白伍對收割這幫人的智商稅是一點心理壓力都沒有。
也不能完全說是智商稅,太歲本身的研究價值放到白伍前世幾百億都有人出,這可是從人體提取的長生基因製造而成的特殊物種,說不定可以借此窺伺永生。
只是單純本身的藥用食用價值可以說完全不值這個錢,營養價值低於豬肉,還不確定有沒有副作用,這種三無產品白伍自己都不吃。
白伍估算過,大約只需要賣十個太歲,就能夠攢出十來億錢,用來購買糧食的話,應該可以度過難關。
不過太歲這種珍寶值錢之處在於稀有性,賣多了就不值錢了,還得仔細籌劃。
白伍心中盤算著以後該如何度過難關,計算著自己手裡的錢和糧。
不知不覺之間,大軍已經接近了邊境。
白伍耳朵微動,聽得馬蹄聲響,一騎快馬趕到,馬上騎士微微喘息,但還是急促的說道:“前方三十裡發現羌族大軍,至少有千騎騎兵,余下步兵數不勝數。”
“辛苦了,你先下去休息。”
白伍說道。
“看來要打一場遭遇戰了。”
陳熙說道。
“嗯,傳令全軍,佔據地勢較高的位置,排兵布陣,喝水休息,著甲準備迎敵!”
白伍說道。
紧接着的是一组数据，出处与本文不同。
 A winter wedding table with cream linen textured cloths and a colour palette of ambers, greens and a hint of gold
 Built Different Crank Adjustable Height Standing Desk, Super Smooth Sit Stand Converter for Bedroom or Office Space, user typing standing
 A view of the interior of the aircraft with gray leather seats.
披甲之士也不是一天到晚都穿戴著鎧甲的,鎧甲輕則十多斤,重則二三十斤可不是鬧著玩,長時間穿戴不只是體力問題,士卒也會被悶刮蹭出皮膚病,一般行軍是不會著甲的,只有戰鬥的時候才會提前著甲。
平時有牲畜拉著戰甲,一些古典戰役之中記載某某大軍行軍之中遇到伏擊,光速撲街就是因為來不及著甲。
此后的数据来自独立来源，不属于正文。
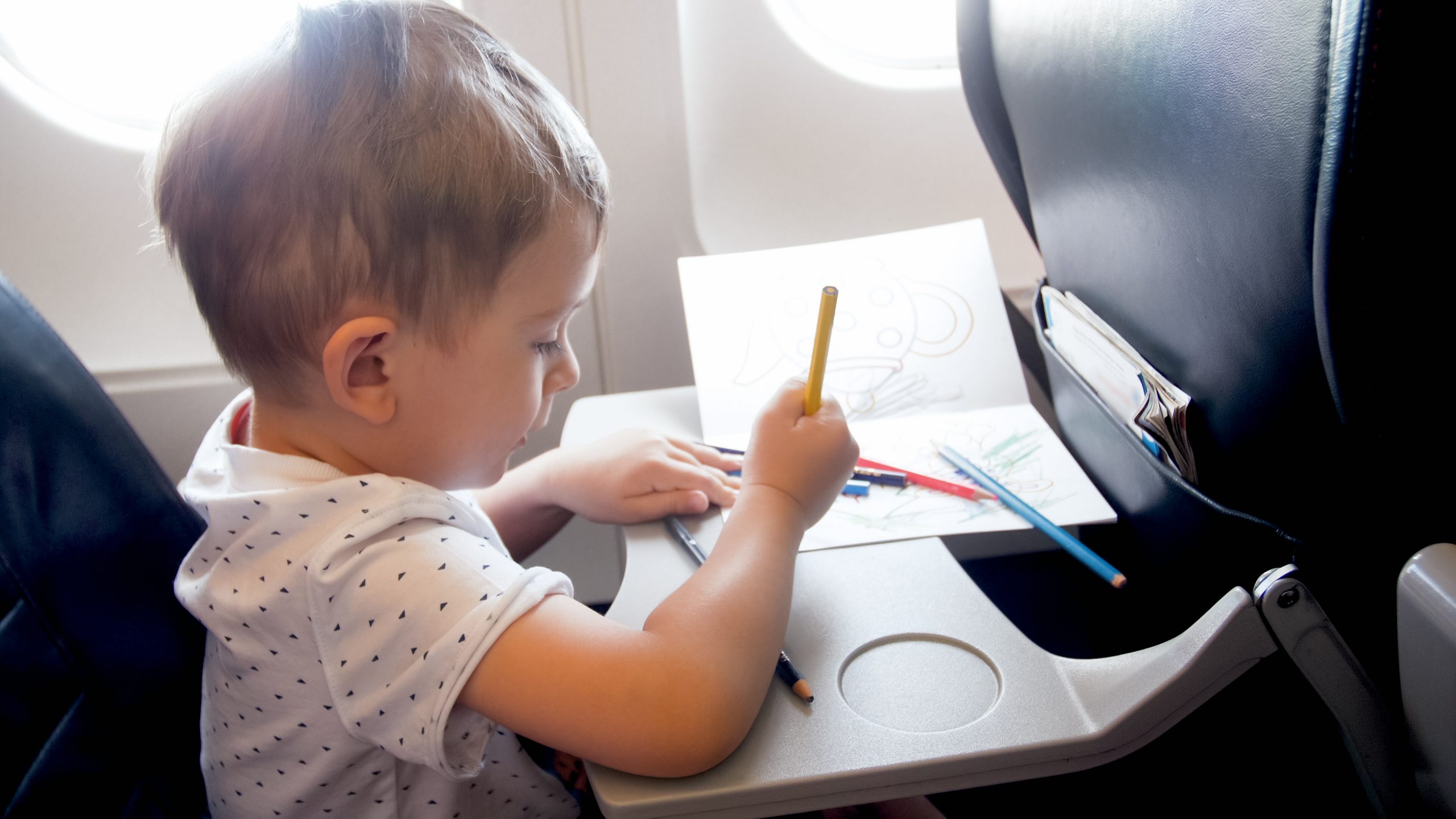 Toned portrait of little boy traveling by plane and drawing with pencils 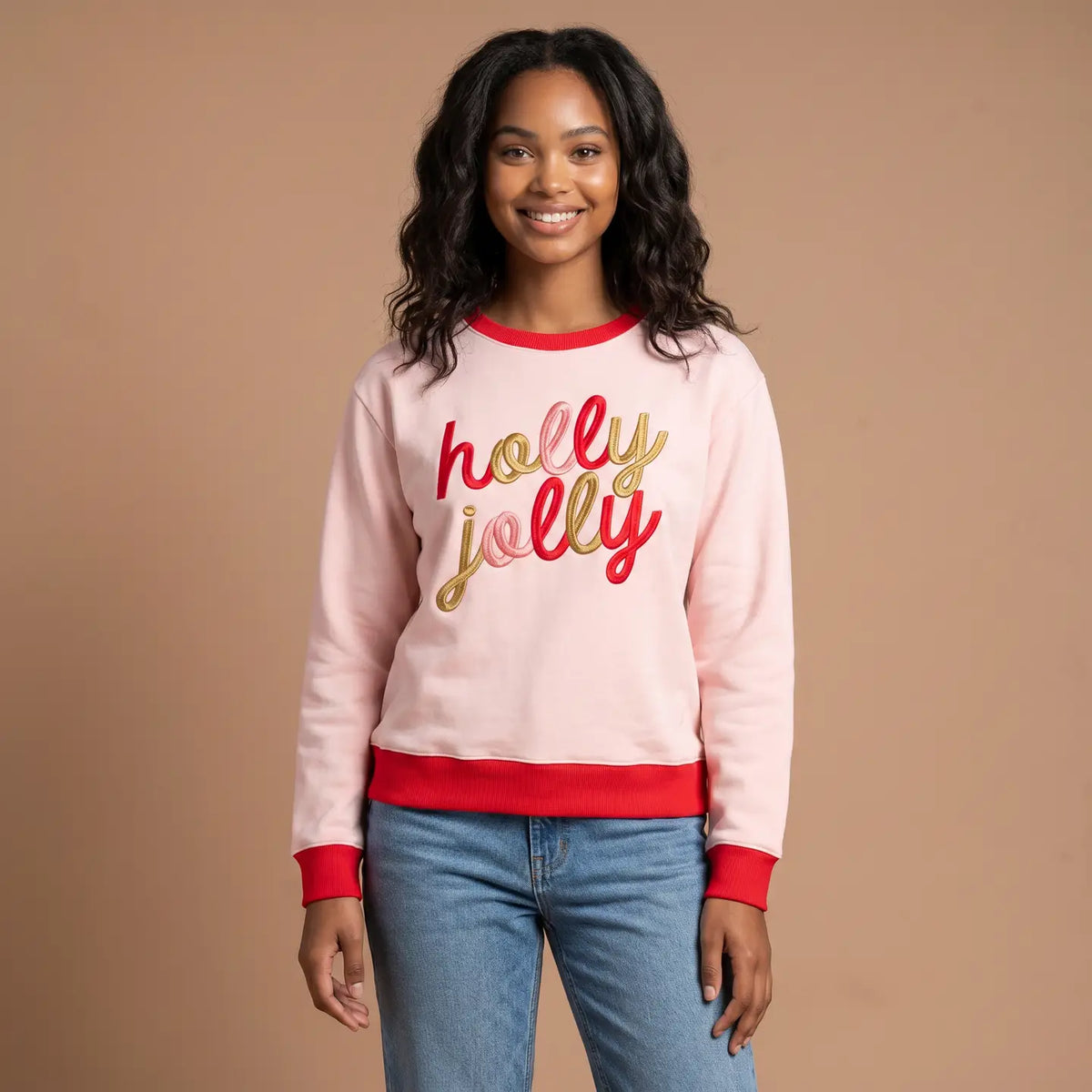 A woman wearing a light pink crewneck sweatshirt with red ribbed trim and 'holly jolly' text in red and gold across the chest, paired with blue jeans, against a solid tan background.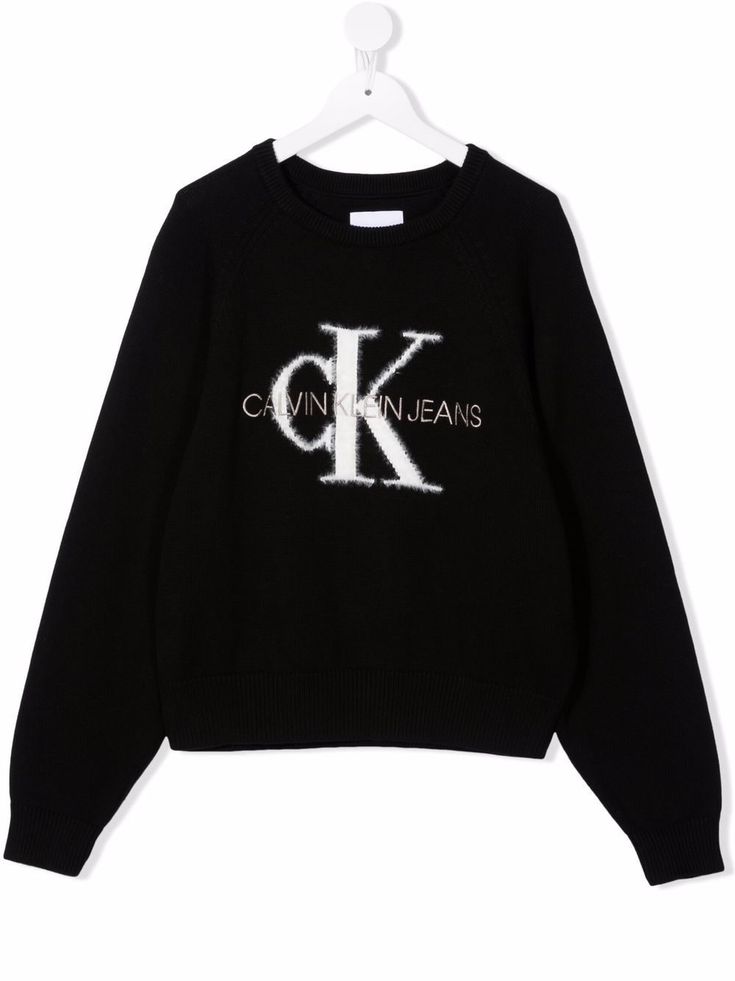 Black cotton logo-knit sweatshirt from CALVIN KLEIN KIDS featuring crew neck, embroidered logo at the chest, long sleeves and ribbed cuffs. Casual Black Sweater With Logo, Black Logo Sweater For Fall, Logo Crew Sweater For Fall, Black Sweater With Embroidered Logo For Winter, Logo Cotton Sweater For Fall, Casual Winter Tops With Appliqué Logo, Fall Cotton Sweater With Logo, Fall Crew Neck Sweater With Logo, Winter Long Sleeve Tops With Appliqué Logo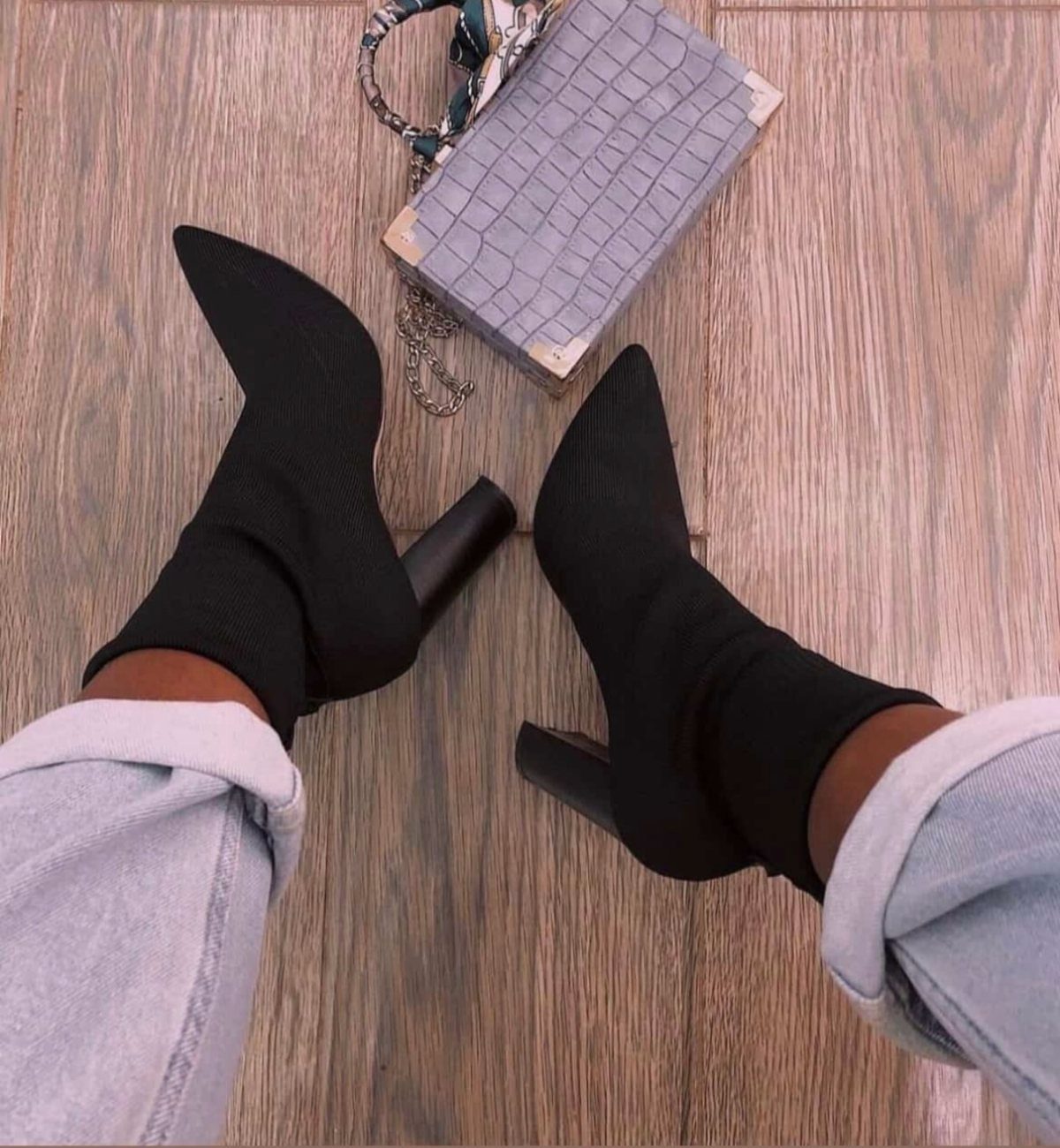 Black pointed-toe ankle boots paired with cuffed light-wash jeans on wooden flooring.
這便要考驗斥候水平了,也就是現代口中的偵察兵,這個時代沒有軍事衛星,沒有無人機偵查,只能依靠人力偵查,因此不能做到百分百探查,一些比較能藏人的山林很難探清楚,便是非常好的埋伏地點,兵法上說逢林莫入就是這個意思。
白伍每日的訓練讓士卒產生了本能反應,很快便換上了甲胄,到了一處高地,工兵快速布置一些簡單的障礙物,用來降低騎兵衝鋒的速度。
刀盾兵以及輜重戰車在前,長槍兵在後,弓弩兵在最高點居高臨下準備打擊對手。
卻月陣,一種依托地形對抗騎兵的步兵陣法,標準的卻月陣是背水而戰,後方是河流,不必擔心後方的襲擊,只要防住一面即可,背後弓弩手負責收割。
不過如今沒有河流,也有較高的地勢,算是活用陣法。
這套陣法對組織度,士卒意志,軍器質量都有很高的要求。
士卒意志不夠,面對騎兵衝鋒之時,前方士卒會自亂陣腳,到時背水而戰的地形反而是要命的。
軍械要求也很高,沒有強弓硬弩就沒法高速收割對手的騎兵,對披甲率也有要求,沒有甲胄,騎兵只需要幾輪箭雨就能帶走步兵陣法,根本不用豬突戰術。
而白伍長期訓練的士卒每一樣都達標,大部分士卒家人都曾受白伍恩惠,願為他死戰,軍械弓弩也是同時代最強的。
卻月陣歷史上的最高戰績是以七千步兵擊潰了數萬騎兵。
白伍不求一千人打出七千人戰績,只求擊潰一個先鋒軍,給鎮北軍爭取集結大軍的時間。
過了約莫兩刻鍾,白伍聽到了轟隆隆的戰馬聲傳來,遠遠眺望,只見無數戰馬猶如潮水一般湧來,排山倒海,氣勢凌人。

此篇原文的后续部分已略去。